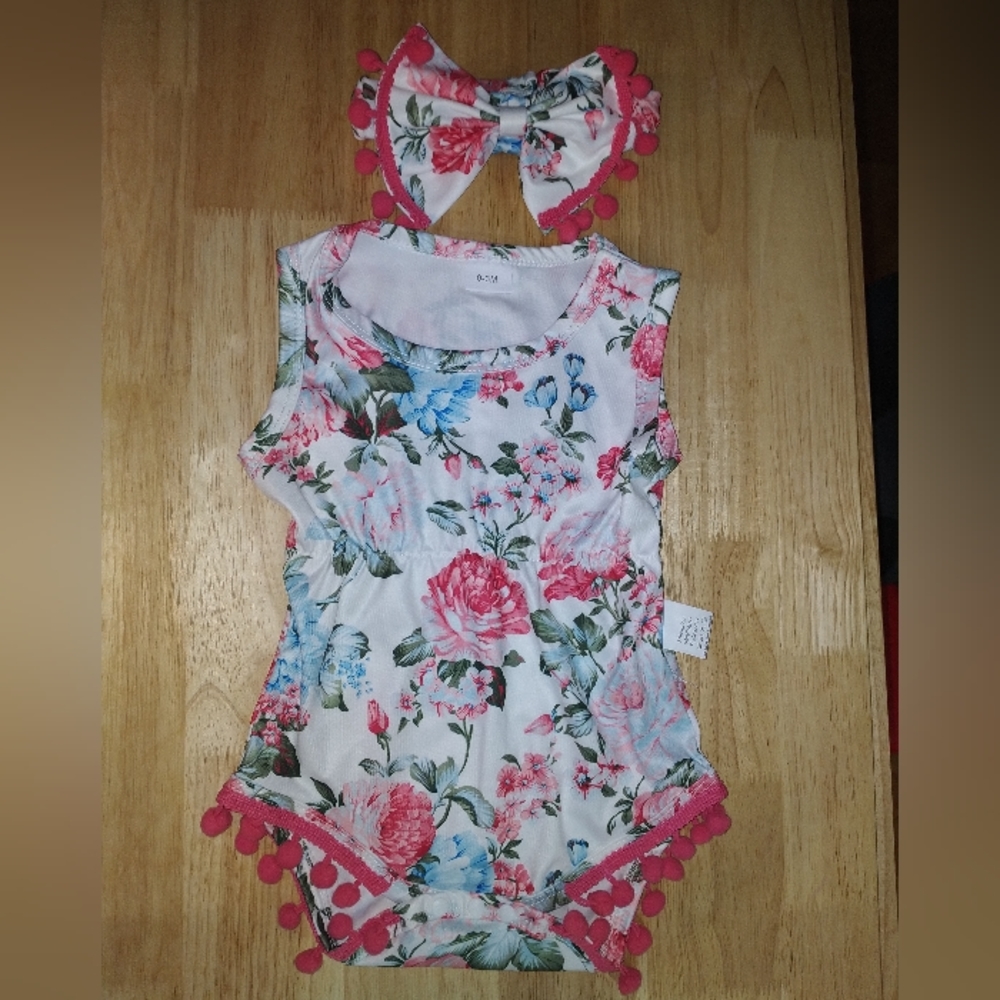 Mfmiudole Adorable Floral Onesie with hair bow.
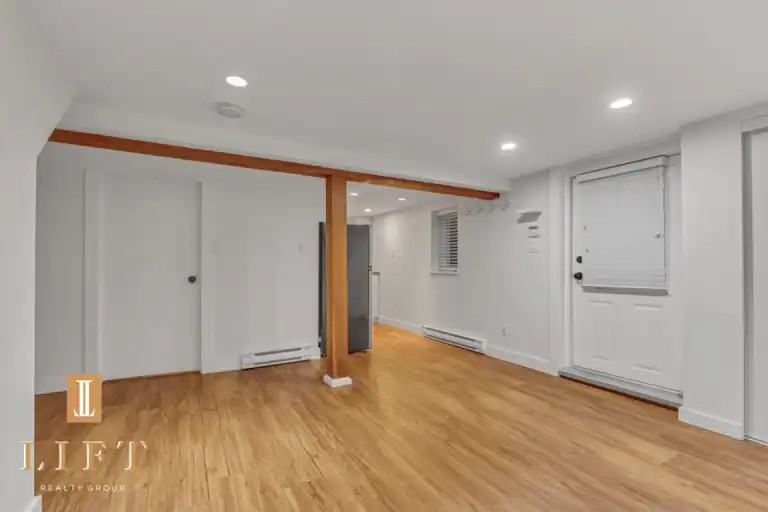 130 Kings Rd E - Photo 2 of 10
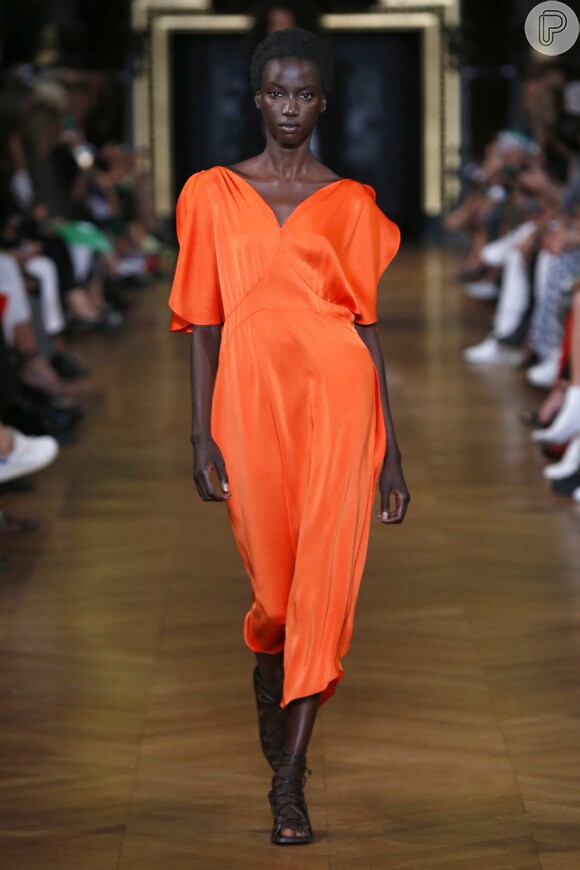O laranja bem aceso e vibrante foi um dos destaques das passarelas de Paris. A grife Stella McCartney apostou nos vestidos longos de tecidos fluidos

************

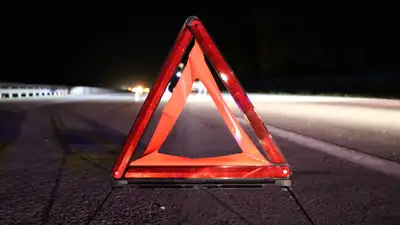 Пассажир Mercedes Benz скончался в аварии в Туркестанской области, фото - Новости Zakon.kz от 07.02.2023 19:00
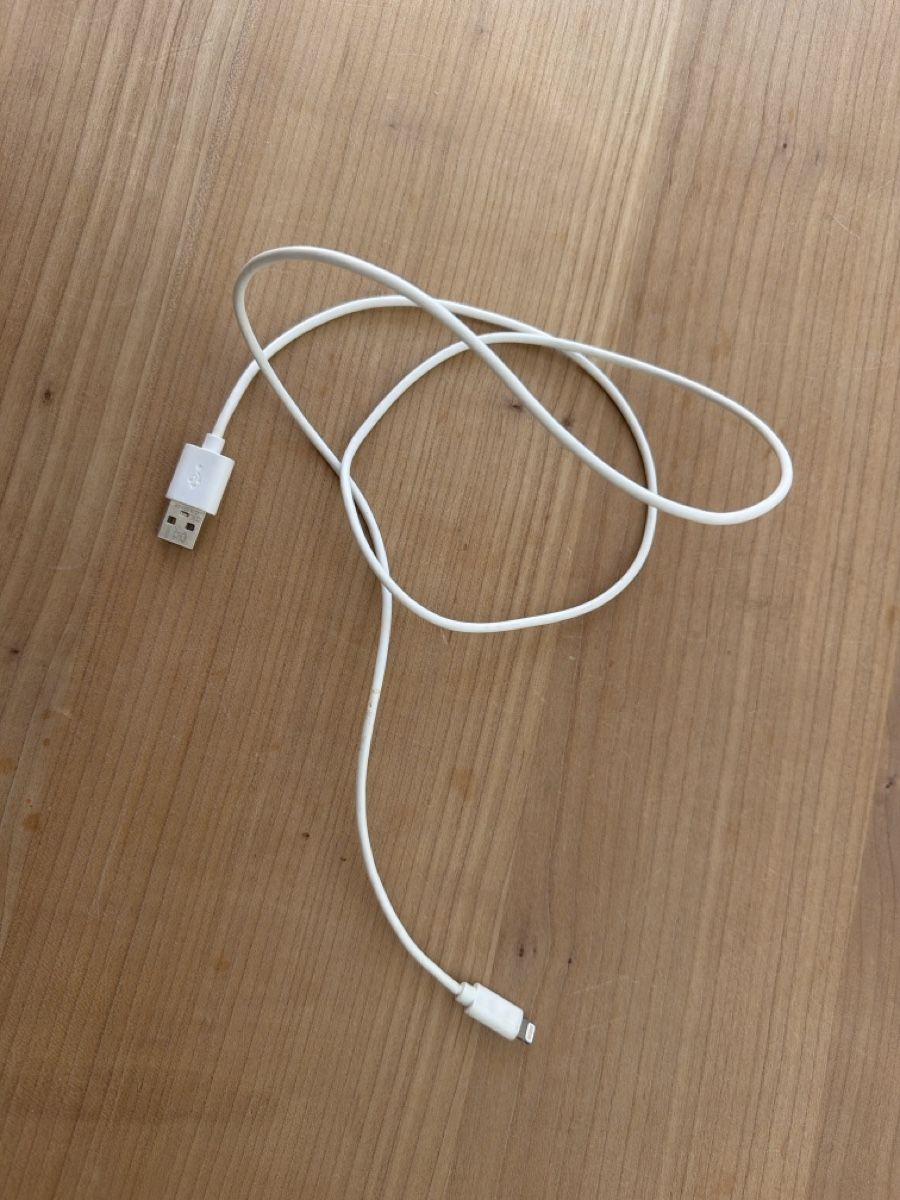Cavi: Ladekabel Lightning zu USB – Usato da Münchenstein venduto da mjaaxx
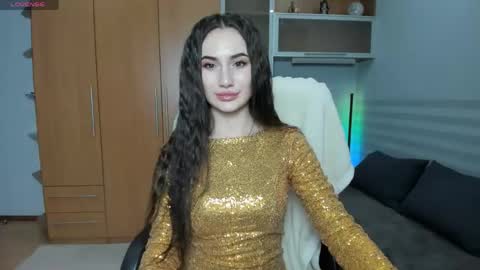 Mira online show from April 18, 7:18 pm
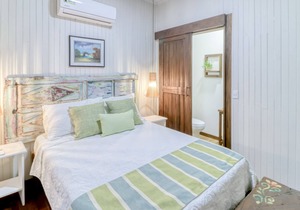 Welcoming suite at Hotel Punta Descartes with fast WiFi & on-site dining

************

> WHAT IS REQUIRED:
Within the entries above, the lines from the one containing "Mfmiudole Adorable Floral" through the one containing "O laranja bem" are to be transcribed exactly, ends included, pictures excluded.

> ANSWER BELOW:
 Mfmiudole Adorable Floral Onesie with hair bow.
 130 Kings Rd E - Photo 2 of 10
O laranja bem aceso e vibrante foi um dos destaques das passarelas de Paris. A grife Stella McCartney apostou nos vestidos longos de tecidos fluidos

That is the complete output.